Blocking Osteopontin to Prevent Bladder Cancer Metastasis

September 19, 2016

Investigators at the University of Colorado Cancer Center and Yale University are now reporting in the journal Cancer Cell on a new understanding of the cancer suppressing gene RhoDGI2 and how it may be involved in metastatic bladder cancer.

Investigators at the University of Colorado Cancer Center and Yale University are now reporting in the journal Cancer Cell on a new understanding of the cancer suppressing gene RhoDGI2 and how it may be involved in metastatic bladder cancer. The researchers theorize that by targeting RhoDGI2 it may be possible to improved outcomes.  

The current study demonstrates a promising strategy to block the immune system’s mistaken collaboration with cancer cells, resulting in the inability of circulating cells to seed new sites of metastasis. “What this paper shows is that targeting macrophages and/or CD44 are potential clinical therapeutic options,” said study co-senior author Dan Theodorescu, MD, PhD, who is the Director of the University of Colorado Cancer Center, in a news release. “Working with bladder cancer cells, we were able to show not only how immune system macrophages recognize and aid circulating cancer cells, but also how we might intercede to block this mechanism.”

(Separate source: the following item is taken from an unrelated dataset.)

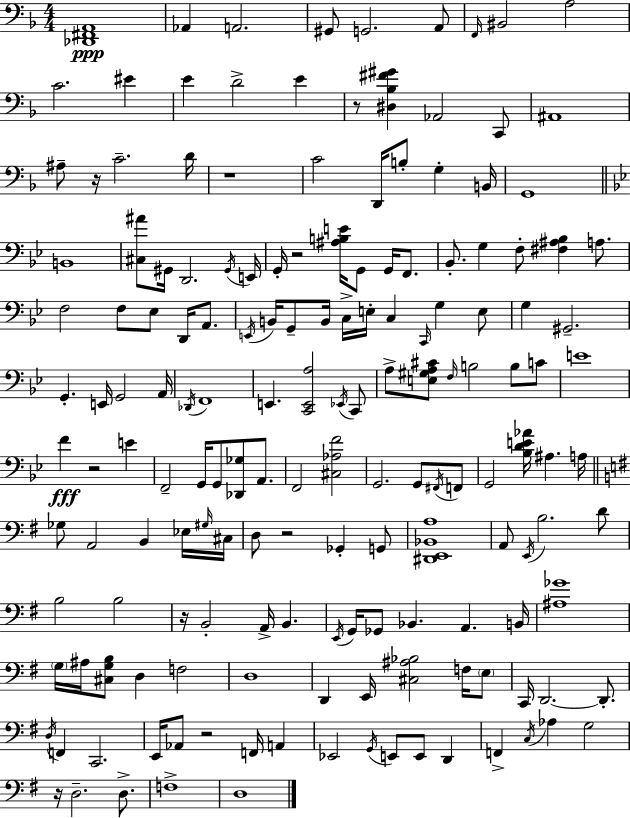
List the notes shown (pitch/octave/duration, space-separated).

[Db2,F#2,A2]/w Ab2/q A2/h. G#2/e G2/h. A2/e F2/s BIS2/h A3/h C4/h. EIS4/q E4/q D4/h E4/q R/e [D#3,Bb3,F#4,G#4]/q Ab2/h C2/e A#2/w A#3/e R/s C4/h. D4/s R/w C4/h D2/s B3/e G3/q B2/s G2/w B2/w [C#3,A#4]/e G#2/s D2/h. G#2/s E2/s G2/s R/h [A#3,B3,E4]/s G2/e G2/s F2/e. Bb2/e. G3/q F3/e [F#3,A#3,Bb3]/q A3/e. F3/h F3/e Eb3/e D2/s A2/e. E2/s B2/s G2/e B2/s C3/s E3/s C3/q C2/s G3/q E3/e G3/q G#2/h. G2/q. E2/s G2/h A2/s Db2/s F2/w E2/q. [C2,E2,A3]/h Eb2/s C2/e A3/e [E3,G#3,A3,C#4]/e F3/s B3/h B3/e C4/e E4/w F4/q R/h E4/q F2/h G2/s G2/e [Db2,Gb3]/e A2/e. F2/h [C#3,Ab3,F4]/h G2/h. G2/e F#2/s F2/e G2/h [Bb3,D4,E4,Ab4]/s A#3/q. A3/s Gb3/e A2/h B2/q Eb3/s G#3/s C#3/s D3/e R/h Gb2/q G2/e [D#2,E2,Bb2,A3]/w A2/e E2/s B3/h. D4/e B3/h B3/h R/s B2/h A2/s B2/q. E2/s G2/s Gb2/e Bb2/q. A2/q. B2/s [A#3,Gb4]/w G3/s A#3/s [C#3,G3,B3]/e D3/q F3/h D3/w D2/q E2/s [C#3,A#3,Bb3]/h F3/s E3/e C2/s D2/h. D2/e. D3/s F2/q C2/h. E2/s Ab2/e R/h F2/s A2/q Eb2/h G2/s E2/e E2/e D2/q F2/q C3/s Ab3/q G3/h R/s D3/h. D3/e. F3/w D3/w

Several years ago, Dr. Theodorescu and his team discovered RhoDGI2 as a suppressor of tumor growth at metastatic sites. Now, there is another step in this understanding.   

The investigators report that RhoGDI2 specifically suppresses bladder cancer metastasis; however, not primary tumor growth. Activity of the RhoDGI2 gene and the protein it encodes restricts the ability of bladder cancer cells and potentially other circulating cancer cells. Dr. Theodorescu and his colleagues propose that the loss of RhoGDI2 allows a cancer cell to increase production of proteins called endothelin and versican, which signal immune system macrophages to the site of the cancer cells. These macrophages promote the development of new tumors by producing various cancer growth-promoting substances.

The researchers have now demonstrated that one of these substances is the protein osteopontin. They contend that the loss of RhoDGI2 leads to increased endothelin and versican and attracts macrophages. They report that this cascade of events secrete osteopontin, which signals tumor cells to reinitiate stem cell-like programs that promote growth and survival. Osteopontin does this by binding to CD44 receptors on the surface of newly attached bladder cancer cells, jumpstarting their ability to act as seeds of a new tumor site.

When the investigators blocked osteopontin signaling pathway in animal models, bladder cancer cells were not able form metastases in the lungs and lymph nodes. They also found that expression of osteopontin was associated with poor outcomes in human bladder cancer patients. The investigators are hoping that treatment strategies targeting metastasis may be successful if they block osteopontin binding to CD44.